Tarihe baktığımızda aslında Türk kadınına Batılı kadından önce bile siyasi ve sosyal hakların ve en temel özgürlüklerin verildiği görülmektedir. Ancak buna rağmen günümüz Türk toplumundaki süreçlere baktığımızda, kadınların kendilerine tanınan hak ve özgürlüklerin kapsamını anlayıp anlamadıkları konusunda hep imtihan edildiğini görüyoruz. Bahsettiğimiz kadınların korunması bakış açısı Türk toplumunda olduğundan bir nebze kadınların hala çocuk gibi görülmesine ve aslında toplumda sürekli kontrol altında tutulması bakış açısına sebep olabilmektedir. Bu durum gerek eşlerinden gerek aile üyelerinden (Anne, baba, abi, kardeş, vb.) kaynaklandığı görülmekte ve kadınlar toplum içinde sınırlı sayıda etkin olabilmektedir. Tarihte ’de bunun örneği olarak; İlk kadın milletvekilleri, kadınların “kadın-çocuk” olarak görüldüğünü doğrulayan “Cumhuriyet kızları” olarak adlandırılmıştır. Böylece, Devletin otoriter ve eril gücünün kadına kendisi için değil, doğru olanı dikte ettiğini görebiliriz. Kadının toplumsal rolünü ailenin annesine indirgendiğini ve onları pasif, kocalarına tabi, sosyal projenin izleyicileri olarak görmek istenmektedir.
Siyasi partilerde kadının vizyonu
Günümüzde ne kadar çok siyasi partiler kadınları partilerinde daha etkin göstermek isteme imajı verse de aslında görünene bakıldığında Kadın bakan veya milletvekili sayısının oldukça az olduğu sadece Türkiye değil tüm Dünya’da da gözlemlenmektedir.
Bu gözlemlerden hareketle, erkeklerin kendi aralarında, ülkelerin kaderini belirlemeye yönelik hegemonyaları ile kadınların önemli roller üstlendiği fikrini ortaya koymak mümkündür.

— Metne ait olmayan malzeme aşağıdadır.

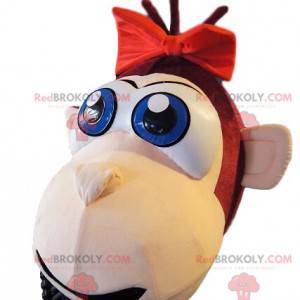 Mascot brown monkey, with a red dress with flounce. -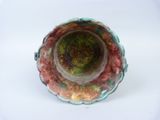 underside view of a green and red vase on a white surface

Bu nedenle, toplumsal cinsiyet meselelerinin yaygın bir şekilde siyasallaştığını görmekteyiz. Giderek muhafazakarlaşan ve eril mevcut toplumsal durumlarda özellikle kadınların “feminist” siyaset yapma şansları olur mu yoksa izleyecekleri siyaseti, etnik düzenin kimlik iddiaları için verilen mücadelenin sınırları mı bu düzeni belirlemektedir?
Psikanalitik açıdan toplum, siyaset ve Kadın
Siyaset sorunsalının teorik meşruiyetini Freud’cu söylemde doğru bir şekilde yerleştirmek için, Freud'un sözde toplumsal ve kültürel metinleri konusunda hem teorik hem de metodolojik nitelikte bazı ön yorumlar yapmak gerekebilir. Freud'un sözde sosyal ve kültürel metinlerinin yayınlandığı tarihlere hızlıca göz atmak, bunu kanıtlamak için yeterlidir. Dürtü, bilinçdışı ve aktarımın kayıtlarıyla bakıldığında özellikle Dünya’da kadın siyasette bir obje mi gibi sunulmaktadır?
Freud’cu söylemin, Totem ve Tabu'nun ilk tezine kökten karşıt olarak yeni bir siyaset okuması geliştirdiğini doğrulamak etkili bir şekilde mümkündür. Siyaset aslında hem savaş zamanlarında hem de barış zamanlarında, tüm insani sosyal bağlara nüfuz ederek, insanlar arasındaki ilişkilerde her zaman mevcut olacaktır. Ne disipline edilebilir ne de evcilleştirilebilir olan meta psikolojik dürtü figürü, insanın bir kitle hayvanı değil, sürü hayvanı olduğunu açıkça gösterir ve bu siyasette de kitle psikolojisinin etkisinin günümüzde ortaya koyduğunu gözlemleyebilmekteyiz. Bunları siyasetle, kadın ve günümüz toplumları ile bağdaştırdığımızda aslında hepimiz dürtülerimiz ve bilinçdışımız ile hareket ederek siyasi toplumların içinde tutunmaya çalışmıyor muyuz dersiniz?